PricewaterhouseCoopers (PwC) has announced a major restructuring, resulting in the layoff of approximately 1,800 employees in the United States. This is PwC's first major workforce reduction since 2009, affecting around 2.5% of its US staff. Roles ranging from associates to managing directors in business services, audit, and tax are impacted, a WSJ report stated.
The layoffs are reportedly primarily concentrated in the advisory and technology sectors. A significant portion of the affected employees are based offshore. WSJ quoted PwC's US leader, Paul Griggs, communicating these changes in a memo, “We are positioning our firm for the future, creating capacity to invest, and anticipating and reacting to the market opportunities of today and tomorrow,” he explained in the memo.

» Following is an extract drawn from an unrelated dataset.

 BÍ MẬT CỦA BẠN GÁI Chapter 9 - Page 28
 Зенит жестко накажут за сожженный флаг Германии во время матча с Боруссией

In addition to the layoffs, PwC’s products and technology teams will be reportedly integrated into various business lines. As per the report, these adjustments are part of a larger restructuring effort initiated by Griggs, who took over as US leader in May. The firm is aiming to remain competitive amidst a slowdown in parts of its advisory services.
“To remain competitive and position our business for the future, we are continuing to transform areas of our firm and are aligning our workforce to better support our strategy,” WSJ quoted PwC's US Chief Operating Officer, Tim Grady, as saying.